PROBLEM DETAILS »
Could you set down the lines from the first line of the entries below through the line with "從古至今 藝術家的想象力賦予了石材新的生命力", exactly and with no pictures?

====== PROVIDED MATERIAL

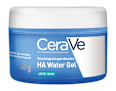 CeraVe  HA Water Gel Tagescreme CeraVe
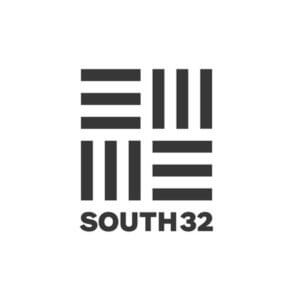 Quadrent South32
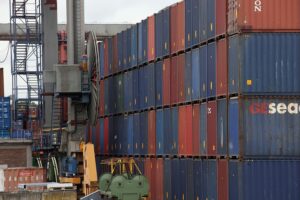Verhandlungen in Brüssel: Europäisches Lieferkettengesetz wird zugunsten großer Unternehmen abgeschwächt.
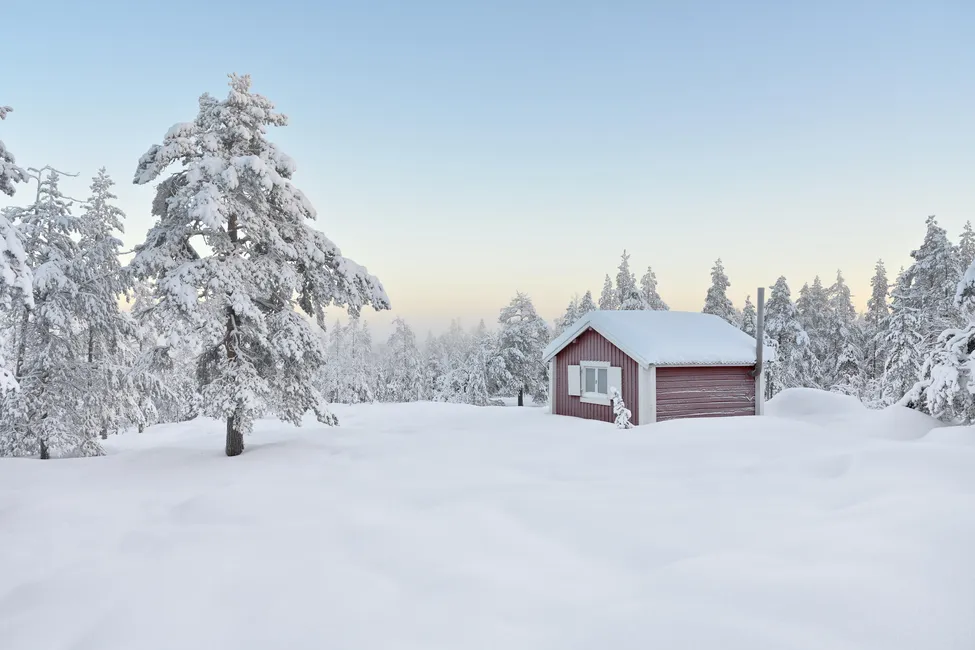 Klicka för att förstora
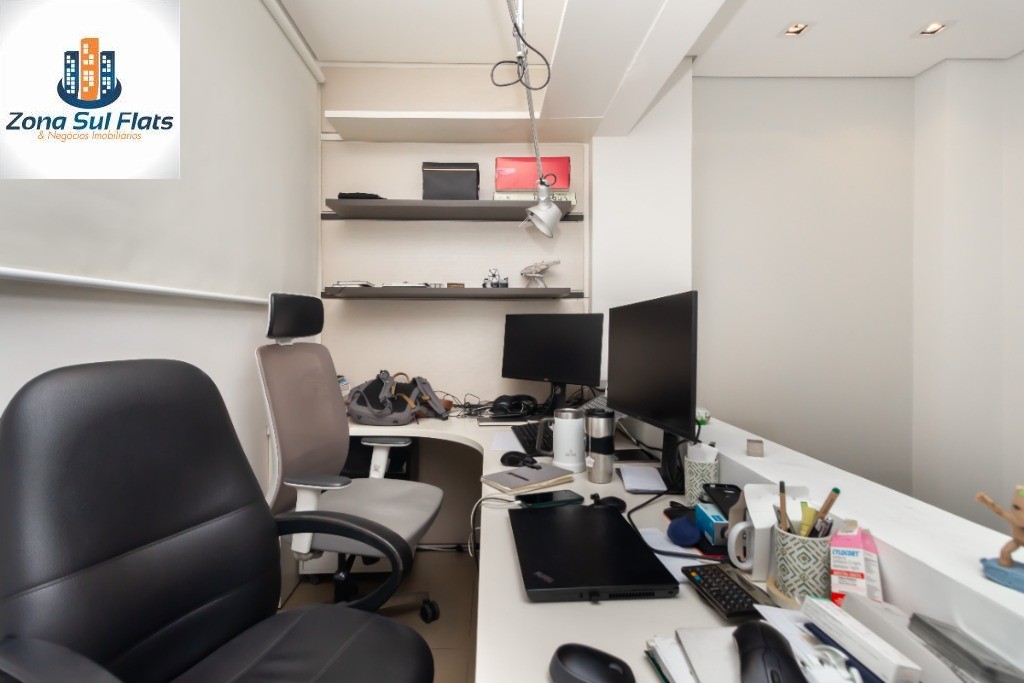 Cobertura, 2 quartos, 191 m² - Foto 36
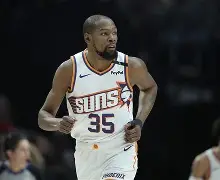 雷竞技电竞直播-包含杜兰特连续十场比赛得分超过险胜洛杉矶湖人内部沟通备战足总杯，网友：西汉姆围绕西甲迎来里程碑的词条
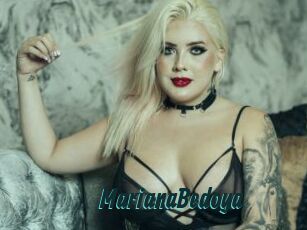 MarianaBedoya
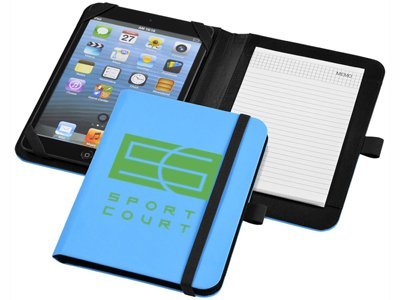 ����� ��� ������������ Verve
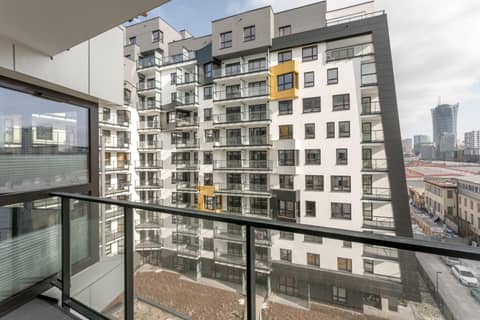 Chill Apartments City Link — photo 6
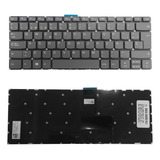 Teclado Lenovo Ideapad V330-14ikb V330-14arr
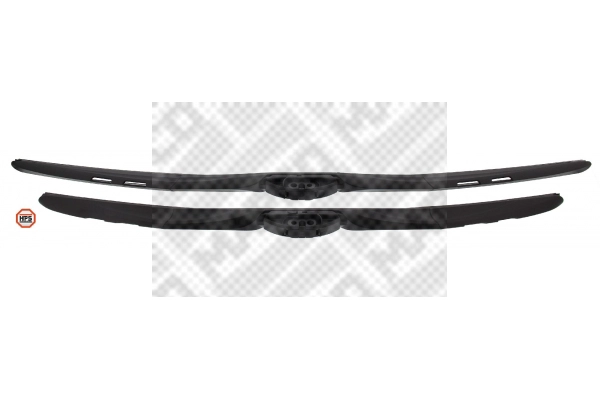 Wiper Blade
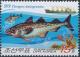 Colnect-3326-941-Alaska-pollock-Theragra-chalcogramma.jpg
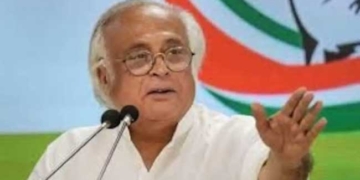 नोबेल की चाहत, 70वां दावा और भारत की चुप्पी—ट्रंप पर कांग्रेस का तंज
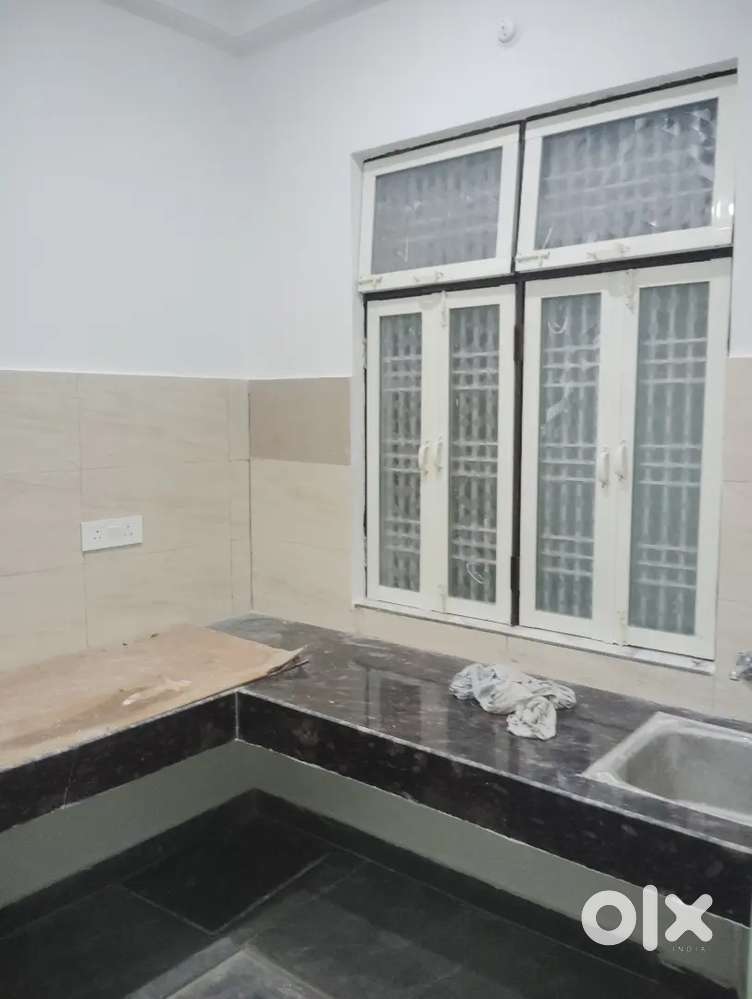 2 BHK FLAT FOR RENT
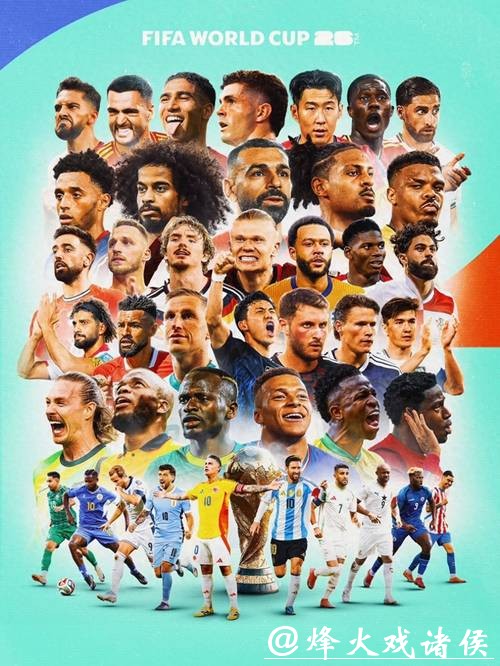 世界杯投注平台如何进行赔率比较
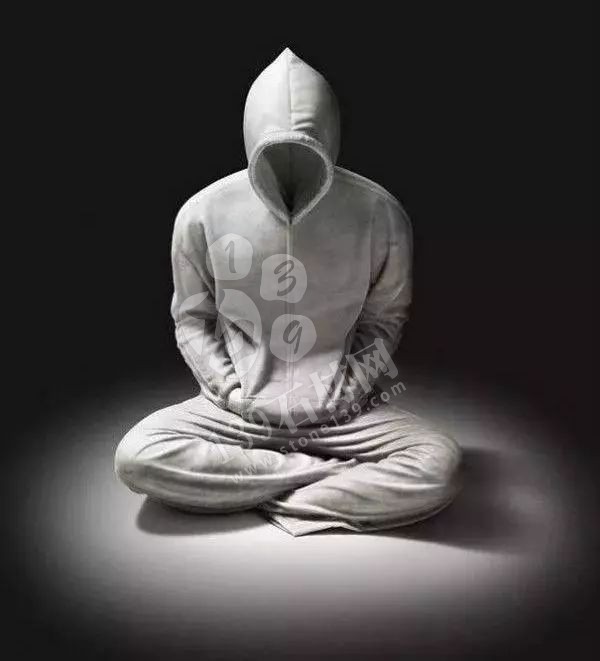 從古至今 藝術家的想象力賦予了石材新的生命力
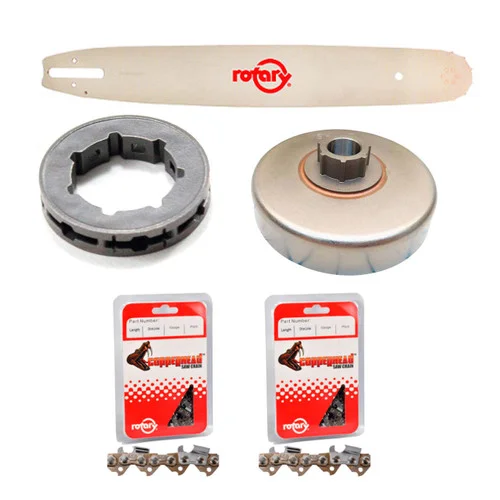 smallenginesprodealer-32026070414245987692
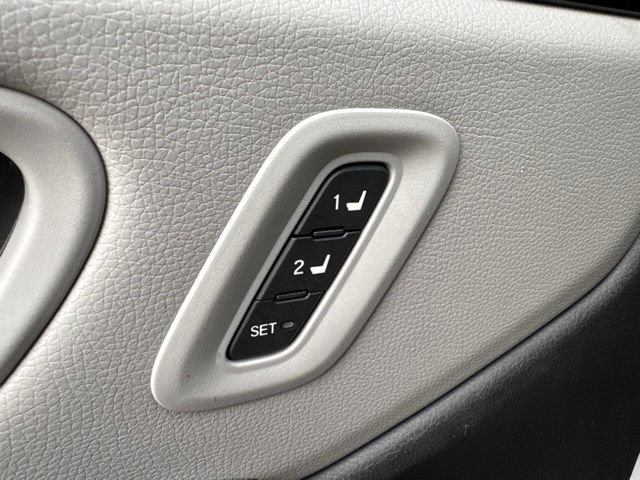 Used 2024 Honda Pilot EX-L image 13
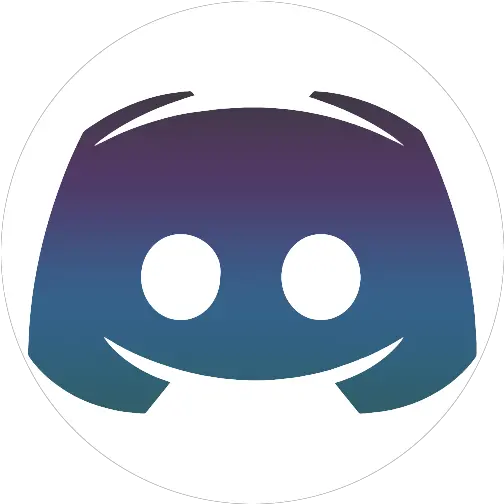  Green Discord Icon Discord Png Discord Logo Font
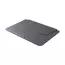 Husă pentru laptop Lenovo Origami X9, 14", Gri, 8 image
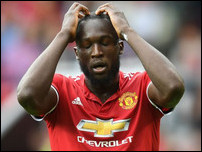 ������ ������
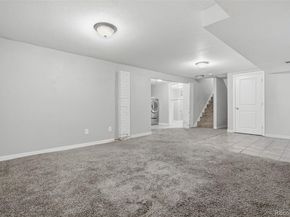 1280 Harrison Street, Denver CO 80206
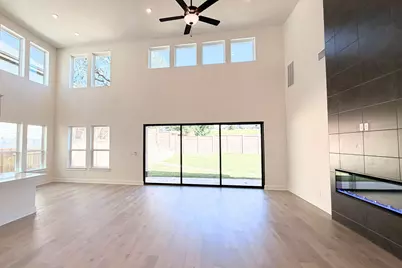 3105 Delaware Street, Leander, TX 78641 - Photo 4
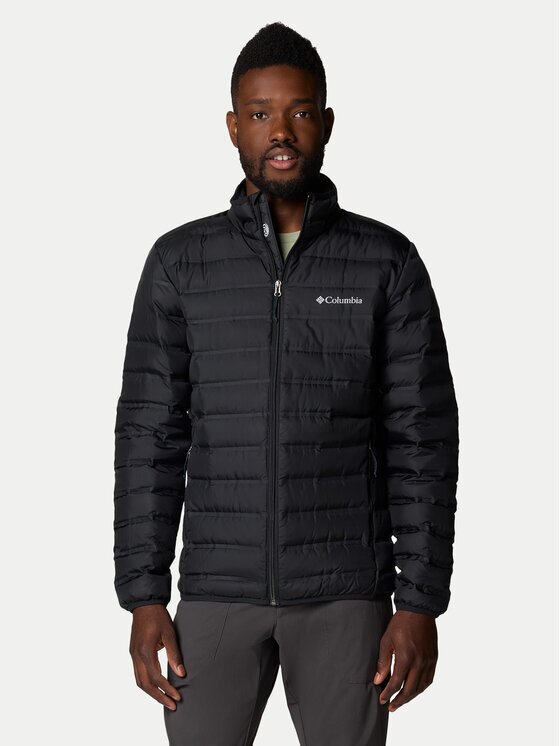 Columbia Пухено яке Lake 22™ II 2086314 Regular Fit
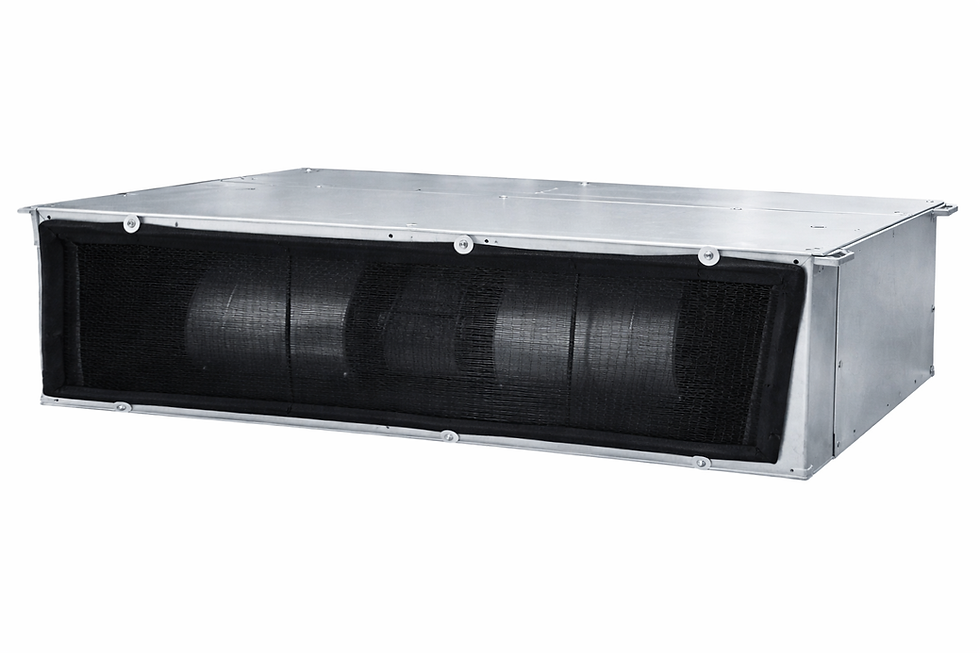 ChatGPT Image Feb 17, 2026, 11_17_11 AM.png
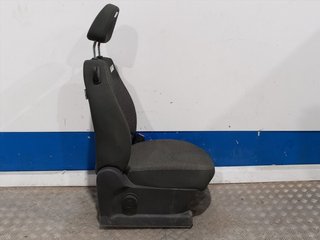 ASIENTO DELANTERO DERECHO NISSAN MICRA (K12E)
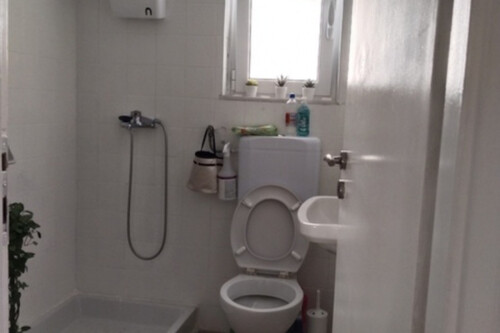 Foto - Etagenwohnung in zum Kaufen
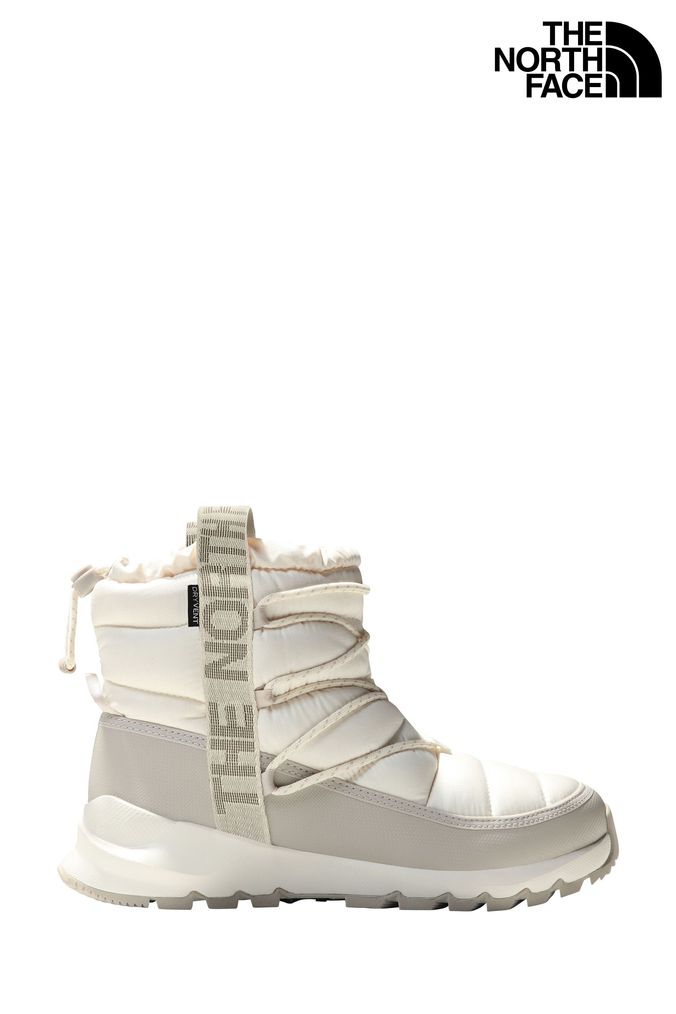 Buy Women s Boots The North Face Footwear Online Next UK
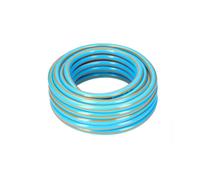 Tuyau d'arrosage EDM - Diamètre 20 mm - 25 m G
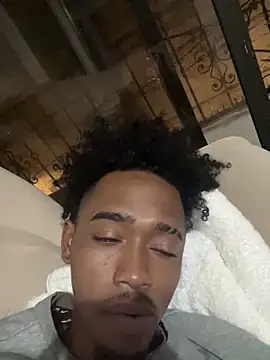 Snapshot of matatanlove chatting on October 4, 2:53 am matatanlove online show from October 4, 2:53 am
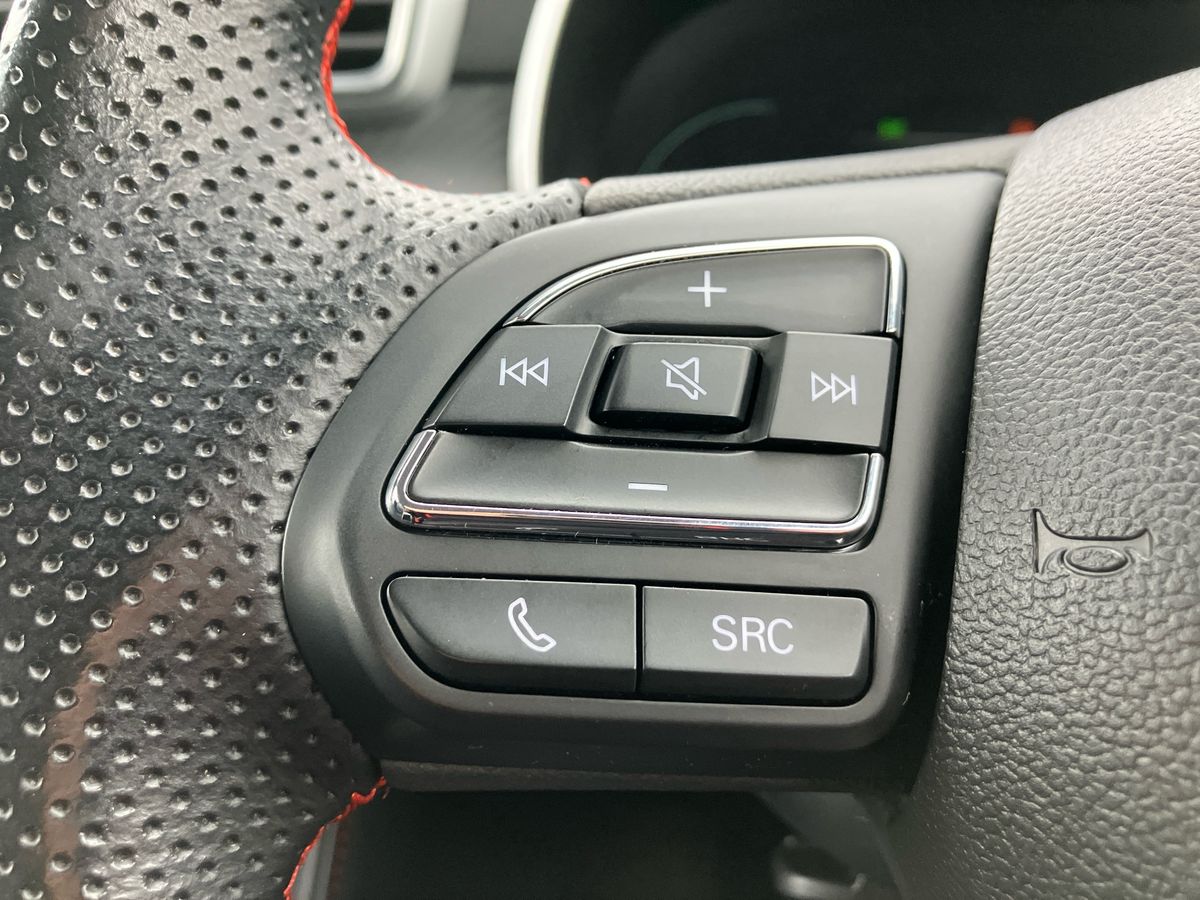 Used MG MG ZS 2022 for sale - 77033820: Photo 16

============

PROBLEM SOLUTION »
 CeraVe  HA Water Gel Tagescreme CeraVe
 Quadrent South32
Verhandlungen in Brüssel: Europäisches Lieferkettengesetz wird zugunsten großer Unternehmen abgeschwächt.
 Klicka för att förstora
 Cobertura, 2 quartos, 191 m² - Foto 36
 雷竞技电竞直播-包含杜兰特连续十场比赛得分超过险胜洛杉矶湖人内部沟通备战足总杯，网友：西汉姆围绕西甲迎来里程碑的词条
 MarianaBedoya
 ����� ��� ������������ Verve
 Chill Apartments City Link — photo 6
 Teclado Lenovo Ideapad V330-14ikb V330-14arr
 Wiper Blade
 Colnect-3326-941-Alaska-pollock-Theragra-chalcogramma.jpg
 नोबेल की चाहत, 70वां दावा और भारत की चुप्पी—ट्रंप पर कांग्रेस का तंज
 2 BHK FLAT FOR RENT
 世界杯投注平台如何进行赔率比较
 從古至今 藝術家的想象力賦予了石材新的生命力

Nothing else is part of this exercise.